[Dataset excerpts]
____________

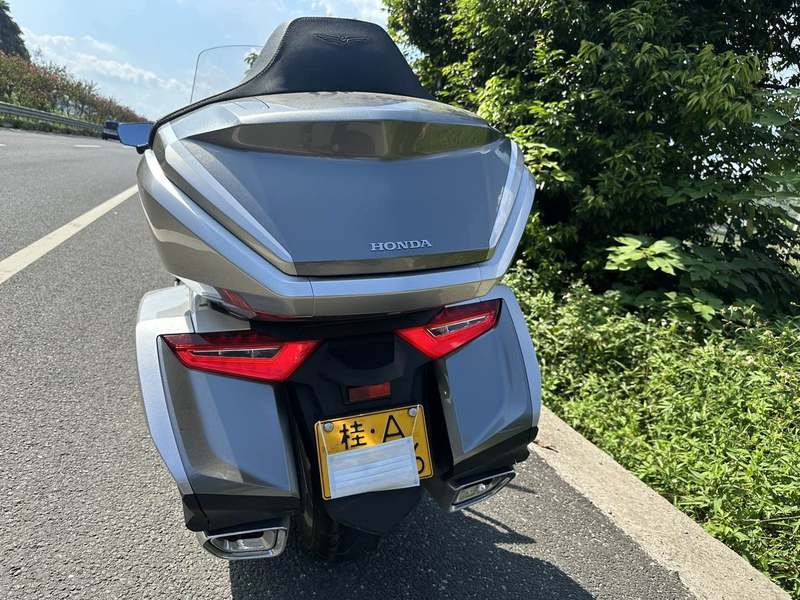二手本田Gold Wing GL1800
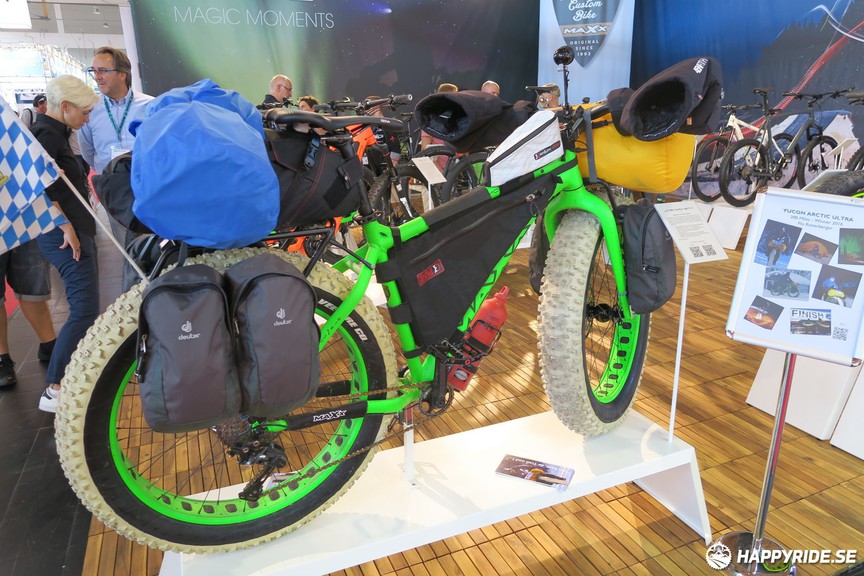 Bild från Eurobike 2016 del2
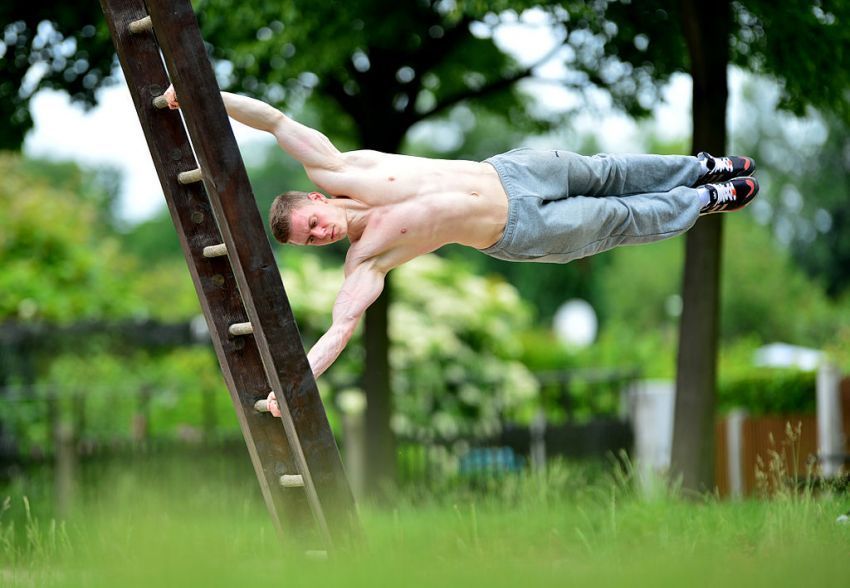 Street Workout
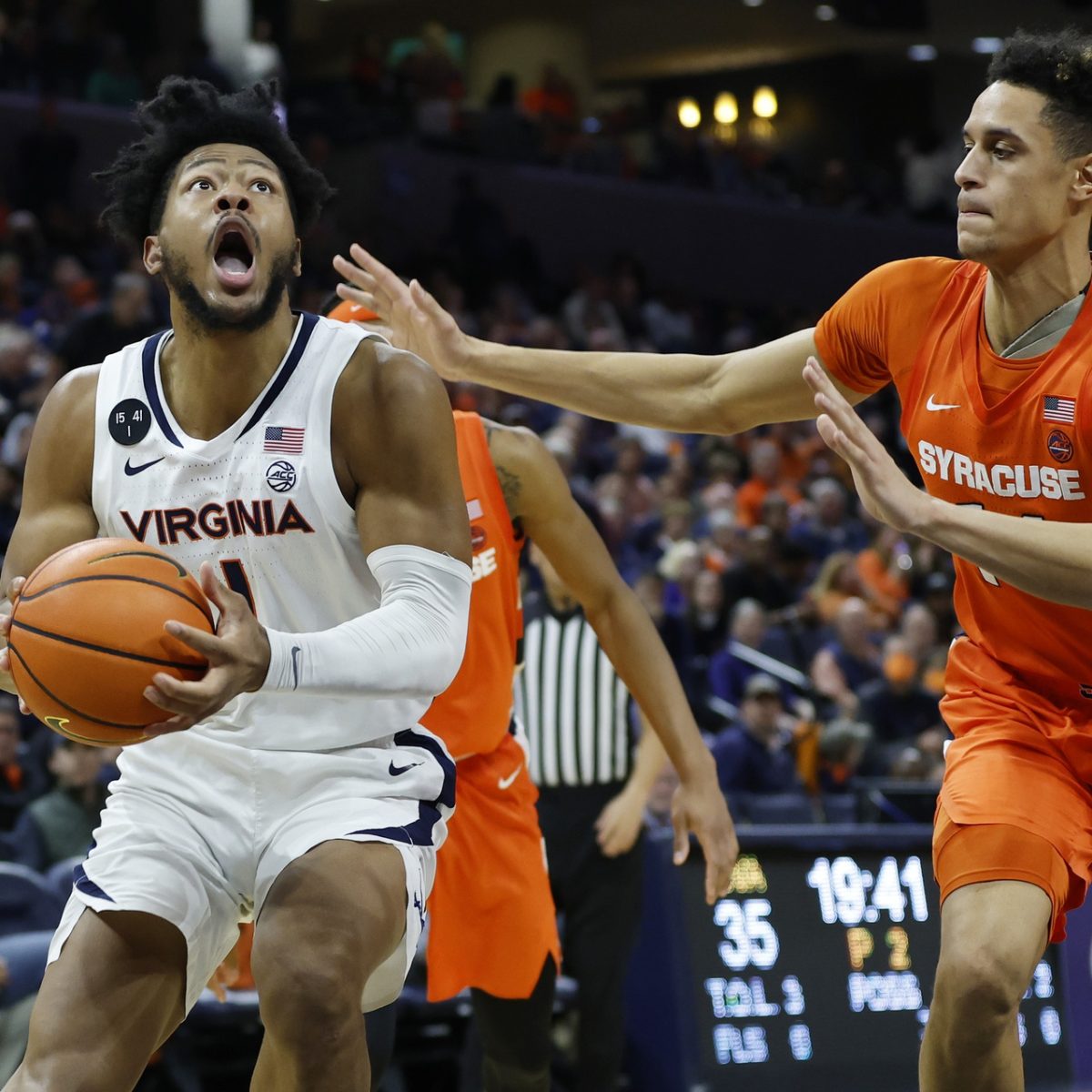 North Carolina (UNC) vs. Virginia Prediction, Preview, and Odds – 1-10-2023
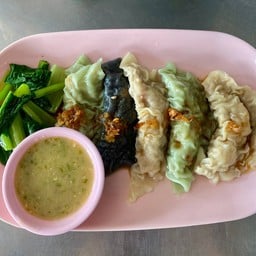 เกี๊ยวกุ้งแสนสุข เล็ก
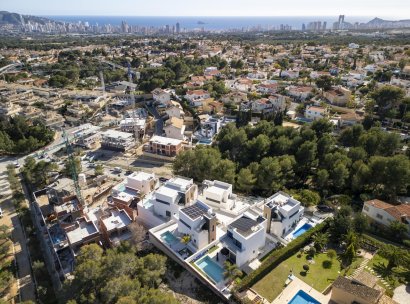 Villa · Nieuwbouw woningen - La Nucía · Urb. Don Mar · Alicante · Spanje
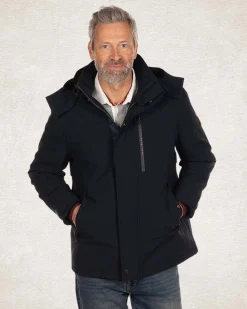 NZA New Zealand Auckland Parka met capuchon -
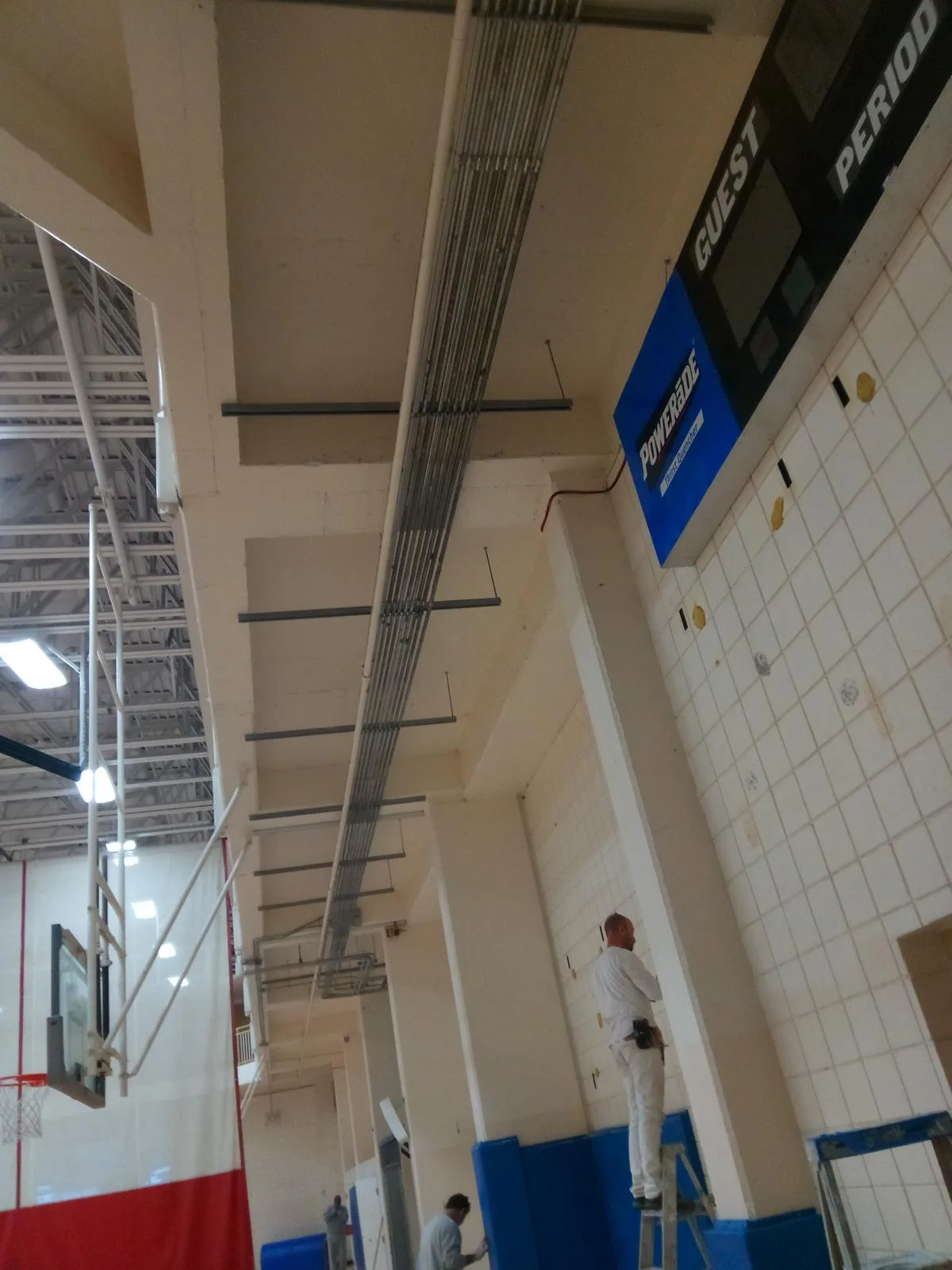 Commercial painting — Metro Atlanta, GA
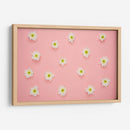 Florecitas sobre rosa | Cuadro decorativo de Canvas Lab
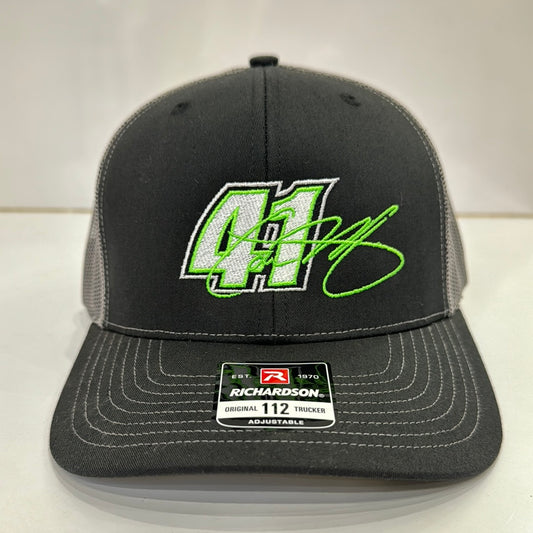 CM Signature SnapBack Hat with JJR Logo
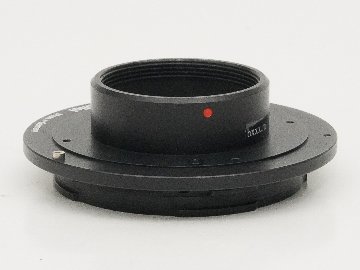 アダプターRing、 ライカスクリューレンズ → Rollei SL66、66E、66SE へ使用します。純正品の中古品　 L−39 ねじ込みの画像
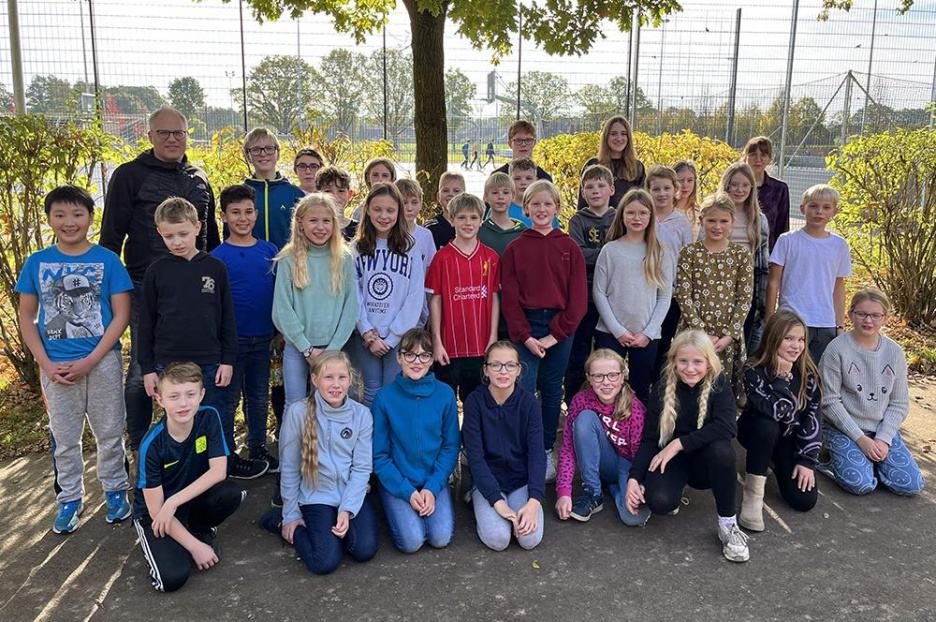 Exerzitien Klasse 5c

____________

Aim of the exercise:
Output nothing except the lines from the one containing "เกี๊ยวกุ้งแสนสุข เล็ก" through the final line of the entries, repeated exactly and free of pictures.

Reply:
 เกี๊ยวกุ้งแสนสุข เล็ก
 Villa · Nieuwbouw woningen - La Nucía · Urb. Don Mar · Alicante · Spanje
 NZA New Zealand Auckland Parka met capuchon -
 Commercial painting — Metro Atlanta, GA
 Florecitas sobre rosa | Cuadro decorativo de Canvas Lab
 CM Signature SnapBack Hat with JJR Logo
 アダプターRing、 ライカスクリューレンズ → Rollei SL66、66E、66SE へ使用します。純正品の中古品　 L−39 ねじ込みの画像
 Exerzitien Klasse 5c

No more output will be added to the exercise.